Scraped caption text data

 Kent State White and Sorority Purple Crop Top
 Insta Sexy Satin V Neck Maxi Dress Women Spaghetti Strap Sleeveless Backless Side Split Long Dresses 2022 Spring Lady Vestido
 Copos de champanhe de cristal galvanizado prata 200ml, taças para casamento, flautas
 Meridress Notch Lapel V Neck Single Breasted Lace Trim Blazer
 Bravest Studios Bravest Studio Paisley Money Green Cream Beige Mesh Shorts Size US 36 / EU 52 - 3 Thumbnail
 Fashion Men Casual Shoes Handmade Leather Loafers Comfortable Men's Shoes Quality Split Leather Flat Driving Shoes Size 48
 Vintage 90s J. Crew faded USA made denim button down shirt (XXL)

Exercise prompt:
Only the lines from the one containing "Meridress Notch Lapel" through the end of the entries above belong in the answer; repeat them exactly.

Written answer:
 Meridress Notch Lapel V Neck Single Breasted Lace Trim Blazer
 Bravest Studios Bravest Studio Paisley Money Green Cream Beige Mesh Shorts Size US 36 / EU 52 - 3 Thumbnail
 Fashion Men Casual Shoes Handmade Leather Loafers Comfortable Men's Shoes Quality Split Leather Flat Driving Shoes Size 48
 Vintage 90s J. Crew faded USA made denim button down shirt (XXL)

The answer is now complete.